╭─ THE INPUT

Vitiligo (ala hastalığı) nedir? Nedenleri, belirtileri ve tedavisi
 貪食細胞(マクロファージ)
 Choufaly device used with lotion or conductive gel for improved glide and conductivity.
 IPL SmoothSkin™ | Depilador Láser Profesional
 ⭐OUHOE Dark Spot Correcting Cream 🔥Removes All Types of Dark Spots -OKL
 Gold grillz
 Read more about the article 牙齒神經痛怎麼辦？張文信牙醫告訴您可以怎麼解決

╰─

** GOAL OF THE EXERCISE **
Return word for word the line with "Dark Spots -OKL" and every line after it through the end of the records above.

** ANSWER TO THIS PROBLEM **
 ⭐OUHOE Dark Spot Correcting Cream 🔥Removes All Types of Dark Spots -OKL
 Gold grillz
 Read more about the article 牙齒神經痛怎麼辦？張文信牙醫告訴您可以怎麼解決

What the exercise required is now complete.